Problem details.
Among the entries below, retype exactly the lines starting with the one with "Swiss Bridge, Hawkstone" and going on through the one with "Alamo Candy Co", but not the pictures.

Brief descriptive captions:
========
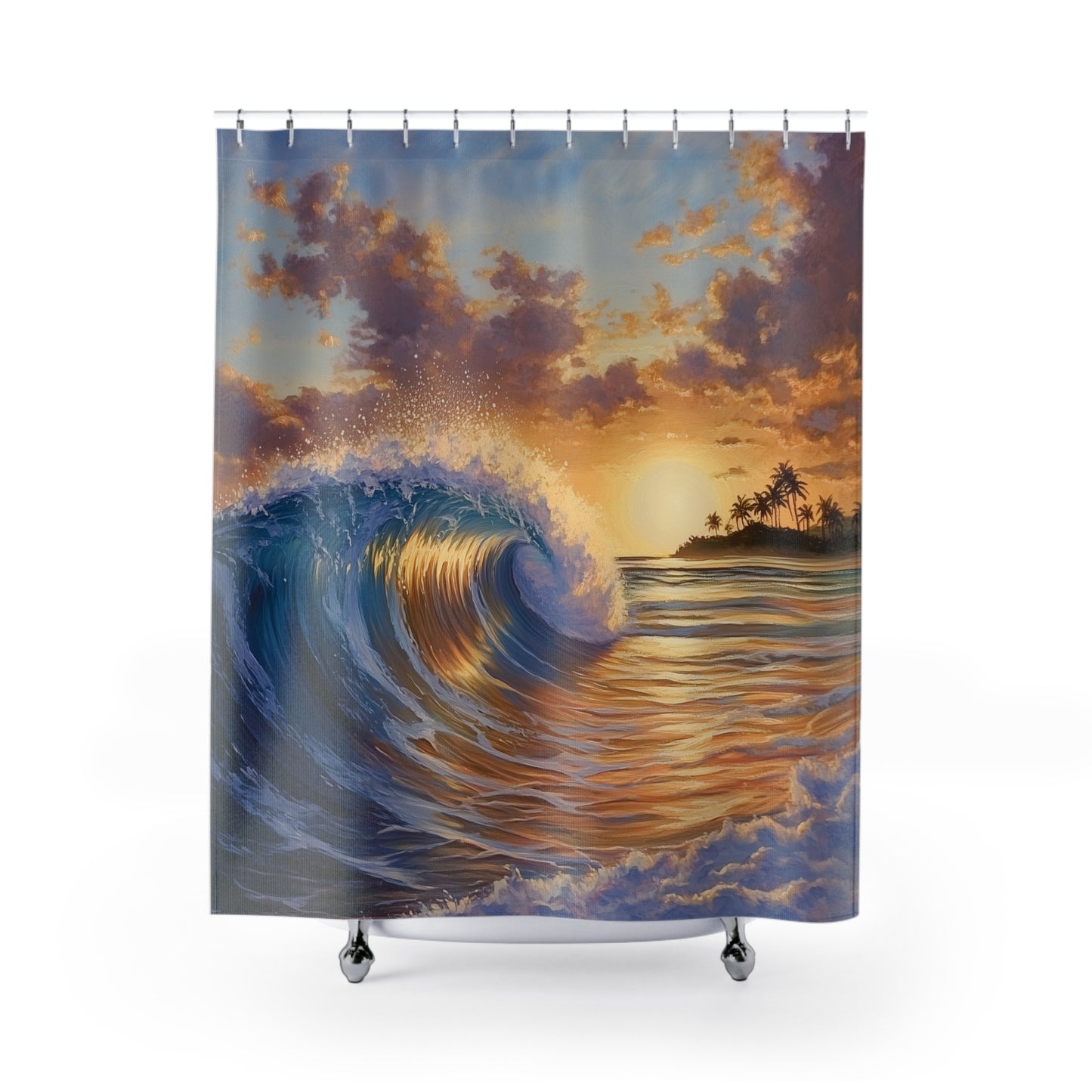 Tropical Wave Shower Curtains - Sunset Beach Vibes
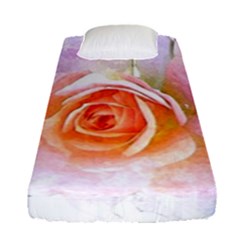 Pink Rose Flower, Floral Watercolor Aquarel Painting Art Fitted Sheet (single Size) by picsaspassion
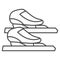 Skater skates thin line icon, Winter sport concept, Skating sign on white background, Figure skates symbol in outline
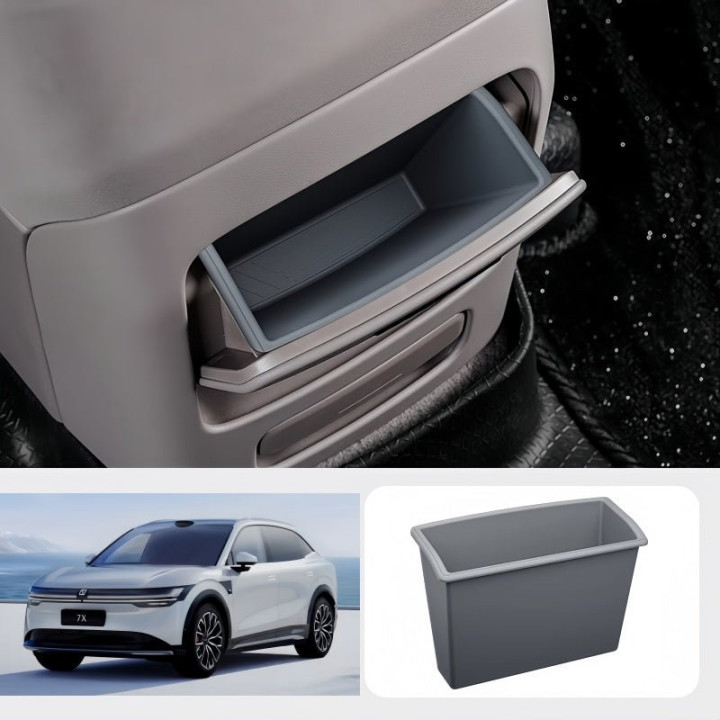 Central Armrest Storage Box Silicone Organizer for Zeekr 7X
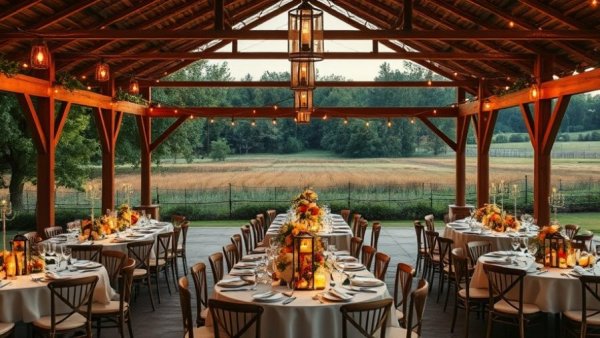 Rustic autumn wedding celebration under pavilion with lanterns.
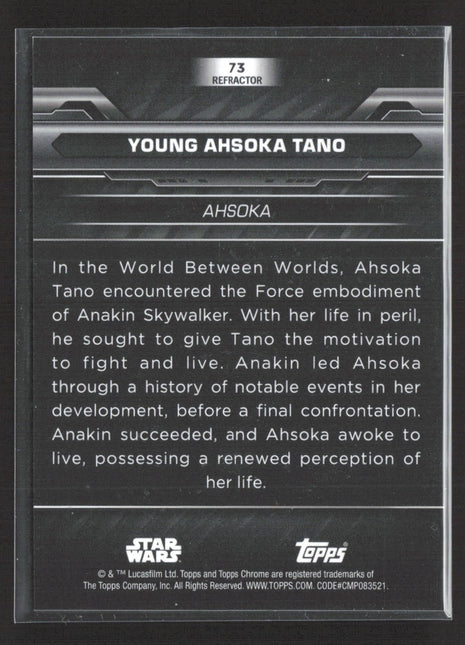 Star Wars Topps Chrome Black Young Ahsoka Tano /199 #73 Refractor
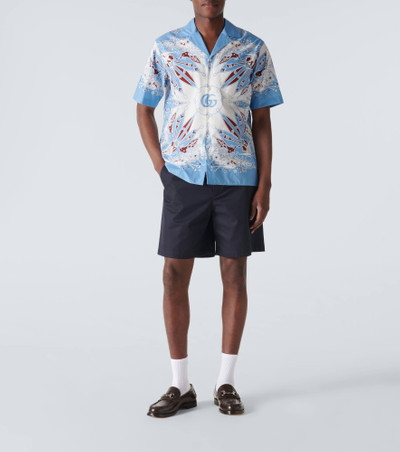 GUCCI Double G printed cotton bowling shirt outlook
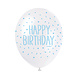 Ballonnen Happy Birthday Confetti Blauw 30cm 5st Ballonnen Happy Birthday Confetti Blauw 30cm 5st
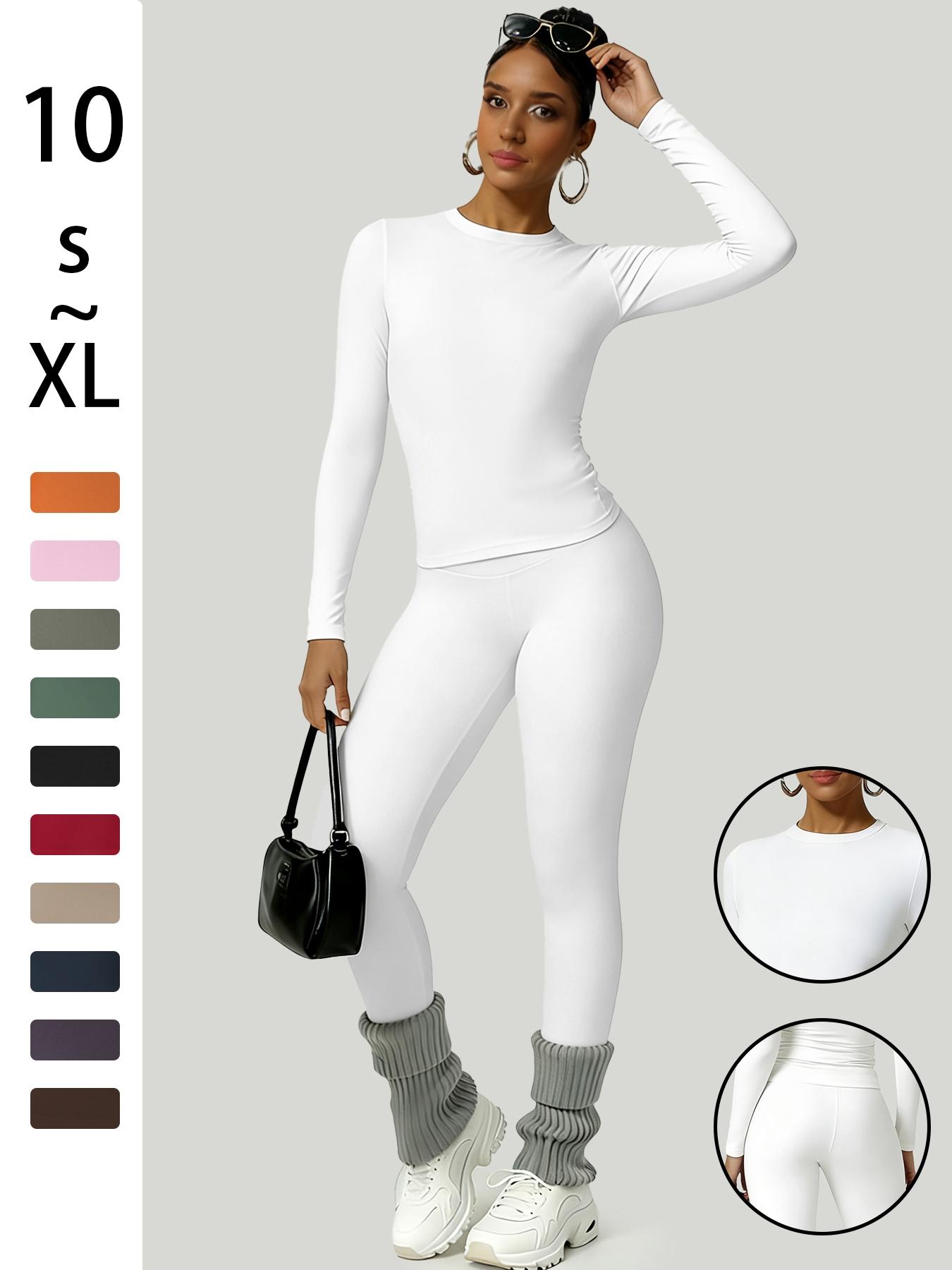 Women's Simple Solid Color Sportswear Set, Comfortable T-Shirt & Slimming Leggings, Perfect for Fall Winter Yoga & Daily Wear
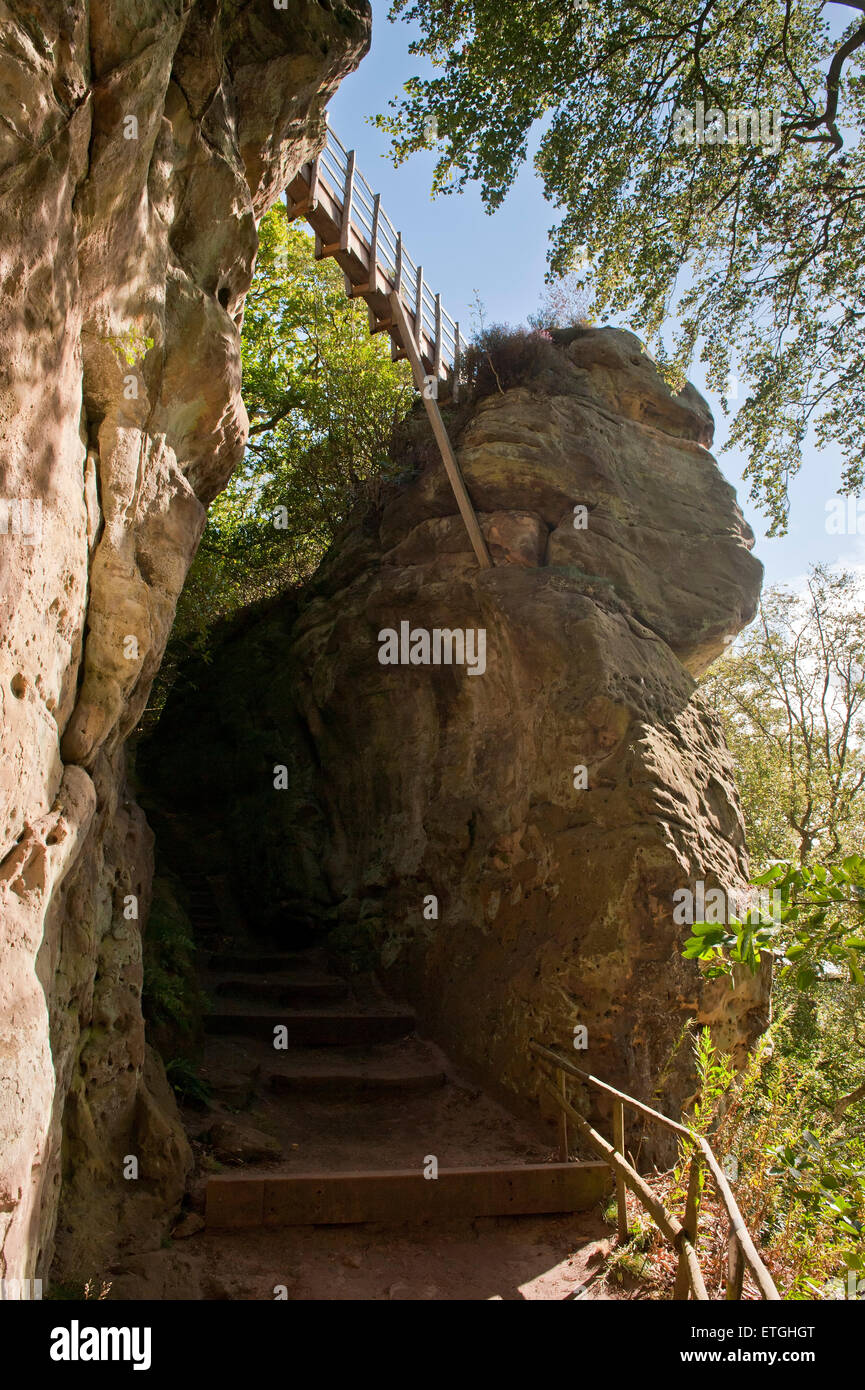 Swiss Bridge, Hawkstone Park Follies, Weston-sotto-Redcastle, Shropshire, Inghilterra, Europa Foto Stock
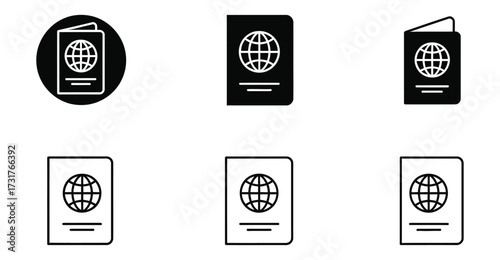Black and white passport icons set featuring globe symbols and outline styles for travel, identity, documentation, and international design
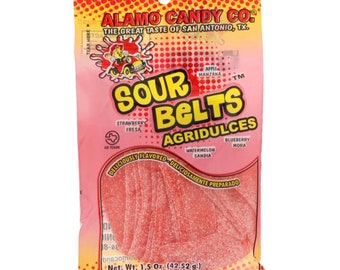 Alamo Candy Co Sour Belts Sour Candy Halloween Mexican candy Stocking stuffers Christmas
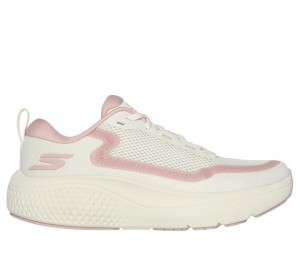 Women Skechers GO RUN Supersonic Max Lace Up Shoes Natural / Pink USA | 0472-HEZOU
========
Written answer.
 Swiss Bridge, Hawkstone Park Follies, Weston-sotto-Redcastle, Shropshire, Inghilterra, Europa Foto Stock
Black and white passport icons set featuring globe symbols and outline styles for travel, identity, documentation, and international design
 Alamo Candy Co Sour Belts Sour Candy Halloween Mexican candy Stocking stuffers Christmas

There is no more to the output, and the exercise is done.